Bereits 1992 gewann sie mit Bronze die erste Olympia-Medaille einer mongolischen Frau. Seit 1995 wohnt sie in Deutschland. In Leipzig lernte sie Deutsch und begann ein Studium. Für Bundestrainer Peter Kraneis aus Leipzig eine willkommene Gelegenheit, „Munk“ als Trainingspartner zu verpflichten. Nach drei Olympia-Starts für ihr Geburtsland bemühte sie sich um den deutschen Pass. „Das war meine freiwillige Entscheidung. Das Leben hier ist geregelter als zu Hause. Dort ist es sehr schwer“, erzählte die Pistolen-Schützin.

Dass sie dafür in der Mongolei sehr viel Kritik einstecken musste, schmerzt sie noch immer. „Ich wurde beleidigt. Mir wurde unterstellt, dass ich mich hätte kaufen lassen. Das war wirklich deprimierend“, erinnert sie sich. Inzwischen sei das aber anders, auch weil immer mehr Mongolen ihre Kinder ins Ausland schicken. 2002 bekam sie die deutsche Staatsbürgerschaft – und schon drei Wochen später wurde sie erstmals für Deutschland Weltmeisterin. Sportdirektor Heiner Gabelmann („Sie hat gezeigt, dass der internationale Weg, den sie geht, richtig sein kann“) Freude sich besonders, dass nach acht Wettbewerben ohne einen einzigen deutschen Finalplatz eine die erste Medaille gewann, die „immer Leistung von sich und anderen fordert“.

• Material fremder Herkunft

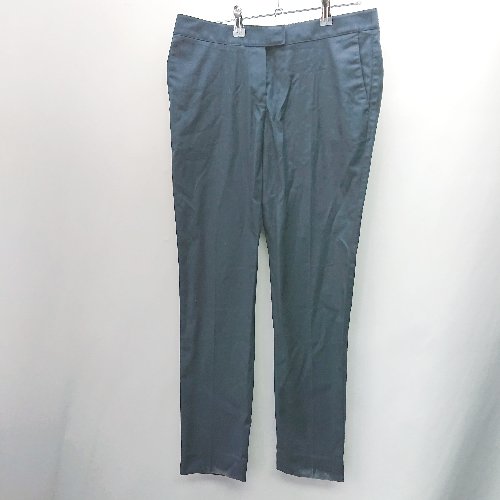 ◇ BROOKS BROTHERS ブルックスブラザーズ チノパンツ サイズM ネイビー系 メンズ E 【中古】 ◇ BROOKS BROTHERS ブルックスブラザーズ チノパンツ サイズM ネイビー系 メンズ E 【中古】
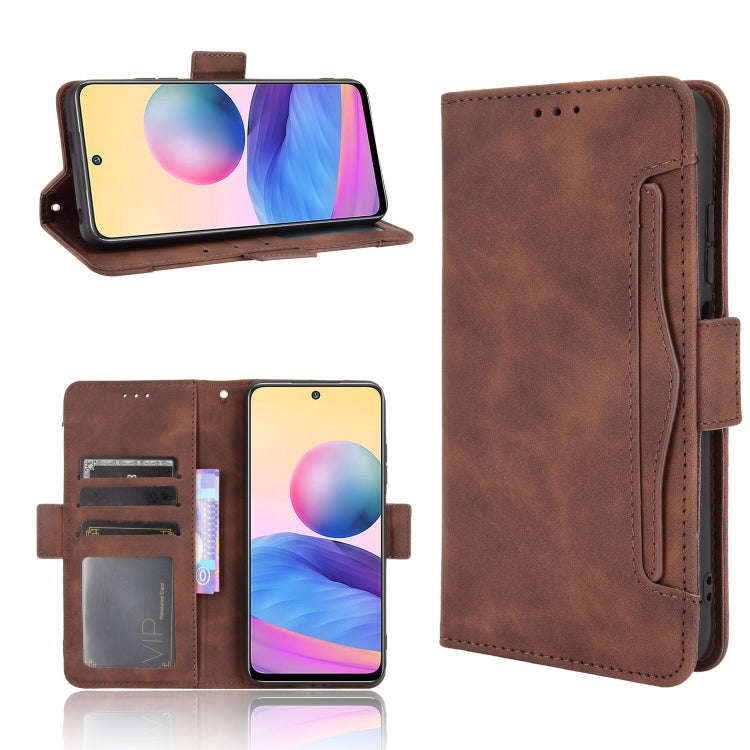 Skin Feel Calf Pattern Horizontal Flip Leather Case with Holder & Card Slots & Photo Frame, For O...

Mit ihrer teilweise offenen Kritik war Dorjsuren schon häufig mit dem Deutschen Schützenbund (DSB) aneinandergeraten, jetzt soll sie in Peking als Vorbild dienen. Heute wollen die Weltmeister Sonja Pfeilschifter (Dreistellungskampf) und Christine Brinker (Skeet) mindestens aufs Treppchen, am Samstag wird von Ralf Schumann sein viertes Olympiagold erwartet. Schließlich, so Gabelmann, „haben wir einiges gutzumachen“. Munkhbayar Dorjsuren hat ihre Mission derweil erfüllt: „Ich hoffe, mit meiner Medaille ist der Druck weg. Jetzt können die anderen entspannt schießen.“ Und sie kann gemeinsam mit ihrer Tochter Olympia als Zuschauerin genießen.